BALTIMORE (AP) — Maryland should not expect to generate significant new revenue by chasing unpaid sales and use taxes from online sellers without changes in federal law to enable states to collect the money, the state’s top financial officer said in a letter to the governor Friday.
Gov. Martin O’Malley asked Comptroller Peter Franchot’s office earlier this year to study how the state could recapture tens of millions of dollars believed to be lost when online sellers don’t pay taxes on what they sell.
“Our experience, however, leads us to conclude that the state should not pursue legislative remedies based upon the expectation of significant new revenue streams,” Franchot wrote.
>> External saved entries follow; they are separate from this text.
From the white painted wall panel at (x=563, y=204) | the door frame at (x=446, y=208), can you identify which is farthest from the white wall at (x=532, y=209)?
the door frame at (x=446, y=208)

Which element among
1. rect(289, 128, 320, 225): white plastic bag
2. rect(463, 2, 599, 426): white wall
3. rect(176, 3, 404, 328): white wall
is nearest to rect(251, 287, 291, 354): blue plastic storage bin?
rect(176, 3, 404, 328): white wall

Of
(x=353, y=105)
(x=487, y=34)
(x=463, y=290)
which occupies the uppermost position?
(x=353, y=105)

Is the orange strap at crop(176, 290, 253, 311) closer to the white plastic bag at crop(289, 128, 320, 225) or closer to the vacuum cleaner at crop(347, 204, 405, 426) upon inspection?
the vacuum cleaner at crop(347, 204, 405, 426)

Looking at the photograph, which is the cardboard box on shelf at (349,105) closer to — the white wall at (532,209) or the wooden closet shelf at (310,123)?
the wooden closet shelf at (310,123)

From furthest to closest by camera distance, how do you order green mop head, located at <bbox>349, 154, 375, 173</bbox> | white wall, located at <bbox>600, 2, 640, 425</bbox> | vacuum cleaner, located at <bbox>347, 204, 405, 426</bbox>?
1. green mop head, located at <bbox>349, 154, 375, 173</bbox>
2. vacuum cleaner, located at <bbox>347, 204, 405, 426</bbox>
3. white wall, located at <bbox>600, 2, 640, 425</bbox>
That’s because online sellers have found ways to minimize their tax obligations when other states have tried to collect, the comptroller wrote.
“In the absence of federal legislation that would authorize states to require online sellers to collect taxes, it is obvious they will continue to do so, and the amount of revenue that would be accessible to the state is modest, if not minimal,” Franchot wrote.
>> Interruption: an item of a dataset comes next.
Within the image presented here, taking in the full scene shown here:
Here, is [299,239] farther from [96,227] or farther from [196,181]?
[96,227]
At the most, the comptroller added, Maryland could obtain between $20 million and $40 million in sales and use tax revenue from remote sales and digital goods without changes in federal law.
“A more likely outcome, however, is a revenue increase of about $5 million and virtual assurance of litigation,” Franchot wrote. “The United States Supreme Court has made clear that, without federal authorization, states do not possess the ability to require sellers without physical presence in the state to collect and remit the sales tax.”
The state’s Bureau of Revenue Estimates released a study Friday that found Maryland lost an estimated $198 million in sales and use tax revenue from the sale of tangible goods by remote sellers. That represents roughly 5.4 percent of gross sales tax collections.
“This estimate includes an estimated $97.2 million from e-commerce remote sales, and $101.2 million from non-electronic remote sales,” according to the study. “The estimated revenue loss in 2010 for business-to-consumer sales is $164.5 million, while the loss from business-to-business sales is $33.9 million.”
The comptroller noted that sales of digital goods are not taxable under current Maryland law. However, he said the General Assembly could make them taxable.
“Doing so would increase revenues by approximately $5 million annually, but Maryland would still be unable to compel retailers without a physical presence in the state to collect the sales tax, so a larger amount of revenue would go uncollected,” Franchot wrote.